The case is Smith v. Levine, a summary order decided on January 31. Smith filed a grievance complaining that several guards had beaten up a Muslim inmate because of his religion. Smith was then shipped off to another prison and placed in confinement. He says this transfer happened because the guards wanted to prevent someone from the New York Inspector General's office from interviewing him. He sues under the First Amendment.
The district court threw out the case, but the State Attorney General's office now concedes that Smith properly alleges a First Amendment claim. You don't see concessions like that very often, particularly when the district court ruled the other way. So, a tip of the hat to the AG's office for picking and choosing their battles.
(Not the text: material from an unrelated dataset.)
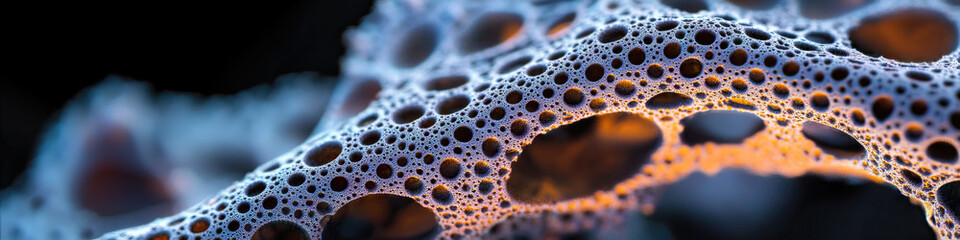 Poster - Close-up Photograph of Porous Surface with Spherical Cavities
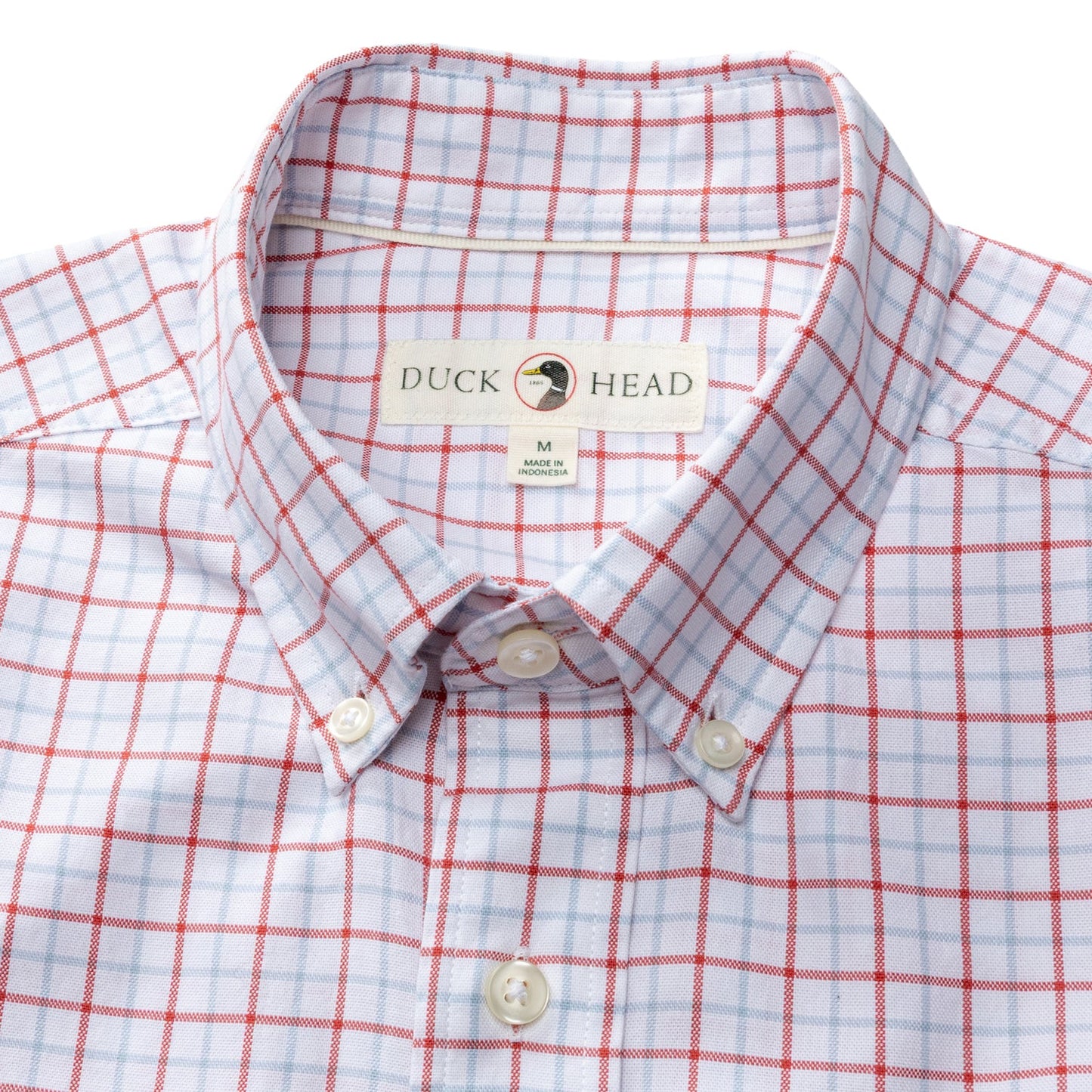 Duck Head Cotton Oxford Sport Shirt - Kline Plaid - Rosewood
But the State argues that Smith has no clear right to be free from a retaliatory prison transfer. The Court of Appeals (Cabranes, Wesley and Livingston) notes, however, that the Second Circuit has recognized such a right since 1998. And, the Court notes, Smith can show that conditions at the new jail were worse than the old jail. He can take this case to a jury.
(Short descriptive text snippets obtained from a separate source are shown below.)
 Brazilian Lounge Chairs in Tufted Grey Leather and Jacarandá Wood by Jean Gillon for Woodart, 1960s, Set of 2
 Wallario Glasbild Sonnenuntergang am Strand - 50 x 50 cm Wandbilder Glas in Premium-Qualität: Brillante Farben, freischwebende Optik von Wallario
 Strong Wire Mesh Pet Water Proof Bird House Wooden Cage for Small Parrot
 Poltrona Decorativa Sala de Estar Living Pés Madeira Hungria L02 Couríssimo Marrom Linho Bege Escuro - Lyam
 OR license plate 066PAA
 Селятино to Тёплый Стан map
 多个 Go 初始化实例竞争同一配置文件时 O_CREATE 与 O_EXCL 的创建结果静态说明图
Smith also goes after two guards who, he says, retaliated against him. The evidence against these guys is thin, so thin that the Court of Appeals wonders if Smith can win the case at trial. The Second Circuit views the evidence in the light most favorable to Smith in reversing summary judgment. This legal reasoning represents summary judgment logic at its most pro-plaintiff:
Although Smith’s amended complaint may not contain the specificity desired in all contexts, given the “special solicitude” accorded to pro se complaints, we hold that the District Court erred in dismissing the amended complaint against Kelly and Levine. In particular, Smith alleges that it was Kelly who instructed the guards to place him on the 72 hour investigation, one day prior to his transfer. The obvious inference to be drawn from the sequence of Smith’s allegations is that the investigation was a precursor to his transfer and that, inasmuch as Kelly ordered the investigation, he had a direct role in the transfer. As for Levine, Smith alleges that he was the guard who actually removed him from his cell and put him on his way to Auburn. Smith further alleges that Levine told the guards at Auburn that the transfer was executed as punishment for his written complaints to NYSIG, and that, as a direct result, the guards at Auburn placed him in the SHU. We find that these allegations are sufficient to “suggest” Kelly and Levine’s direct involvement in the alleged retaliation.